## THE TASK
The output should match, line for line, the records from the line containing "Facade/entrance in Hotel La Rovere" through the line containing "[Novalux]LUCKY CLOVER 5-MOTIF", with every picture left out.

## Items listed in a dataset
########

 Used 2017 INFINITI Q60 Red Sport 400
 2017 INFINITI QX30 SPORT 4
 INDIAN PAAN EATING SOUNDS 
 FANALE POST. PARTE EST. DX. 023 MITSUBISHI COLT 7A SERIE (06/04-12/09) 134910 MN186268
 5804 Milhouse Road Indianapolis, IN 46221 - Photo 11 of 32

########

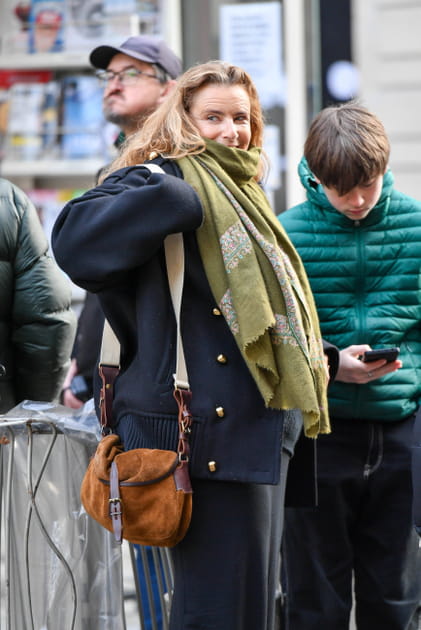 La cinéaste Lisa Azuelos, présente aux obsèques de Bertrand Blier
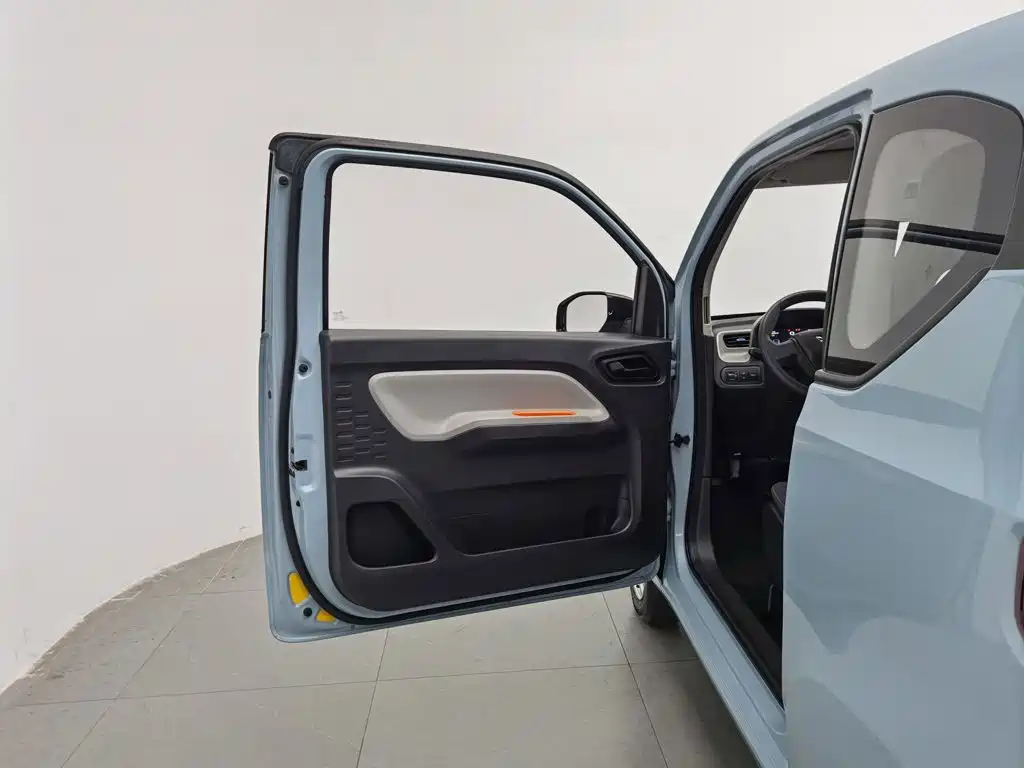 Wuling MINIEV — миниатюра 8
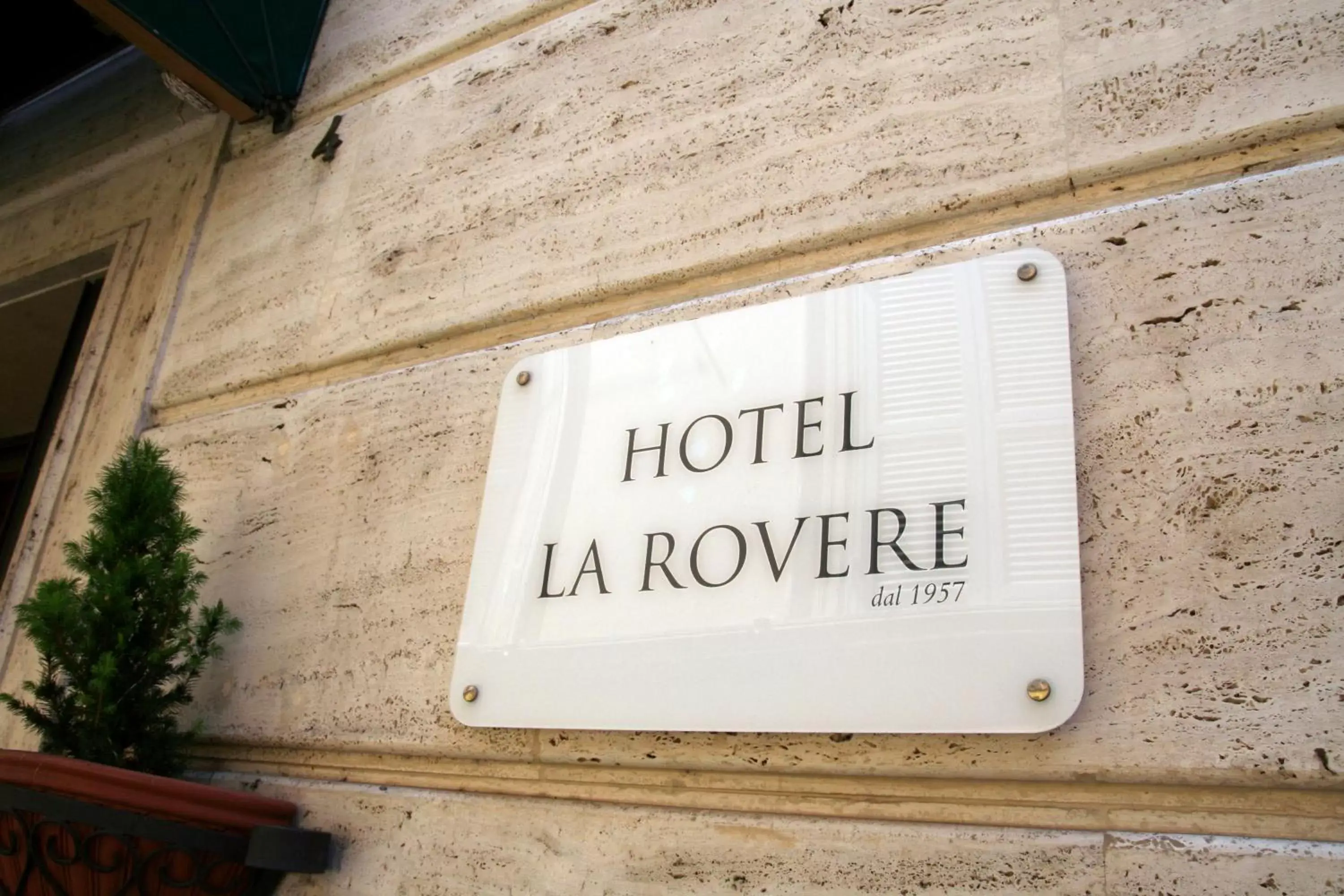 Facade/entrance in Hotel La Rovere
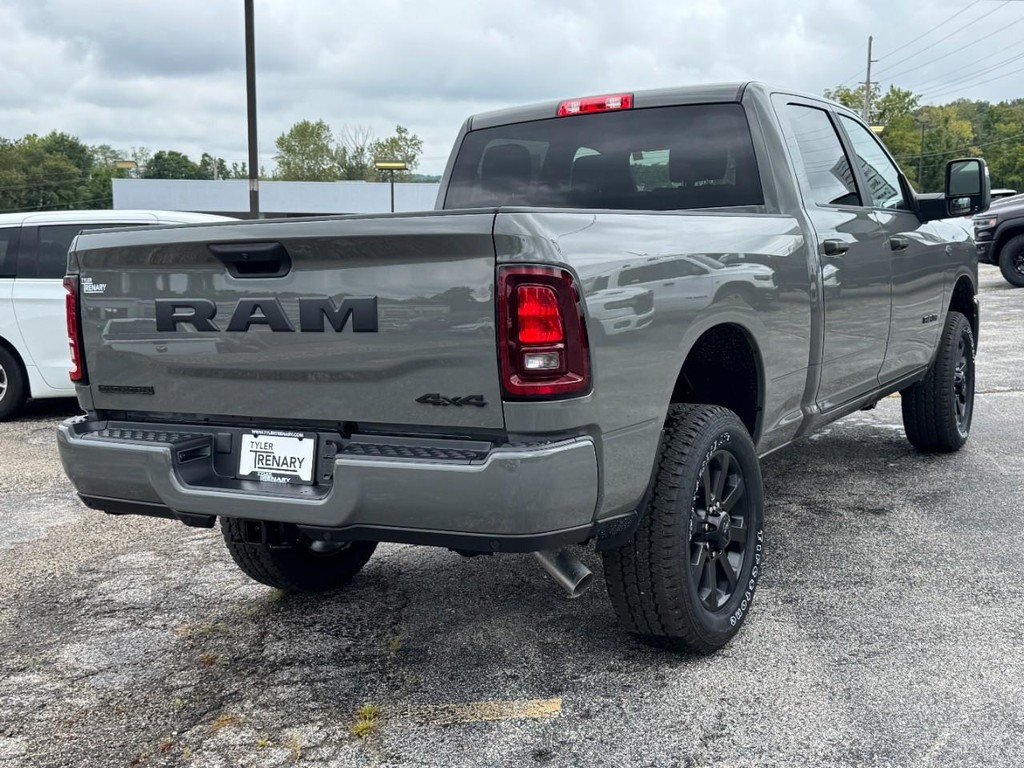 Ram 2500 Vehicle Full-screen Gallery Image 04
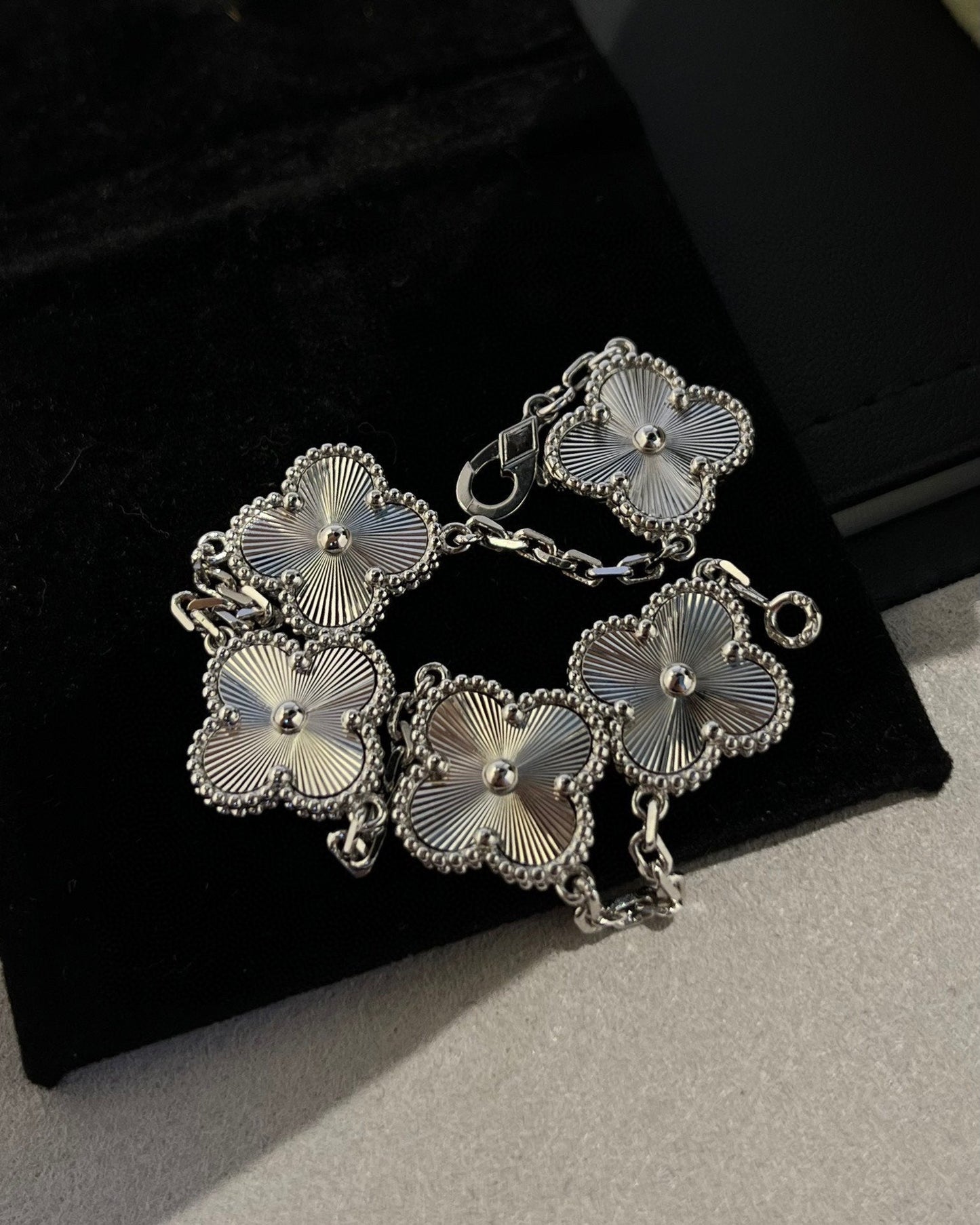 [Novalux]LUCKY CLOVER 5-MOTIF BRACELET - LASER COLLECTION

########

## OUTPUT FOR THIS EXERCISE
 Facade/entrance in Hotel La Rovere
 Ram 2500 Vehicle Full-screen Gallery Image 04
 [Novalux]LUCKY CLOVER 5-MOTIF BRACELET - LASER COLLECTION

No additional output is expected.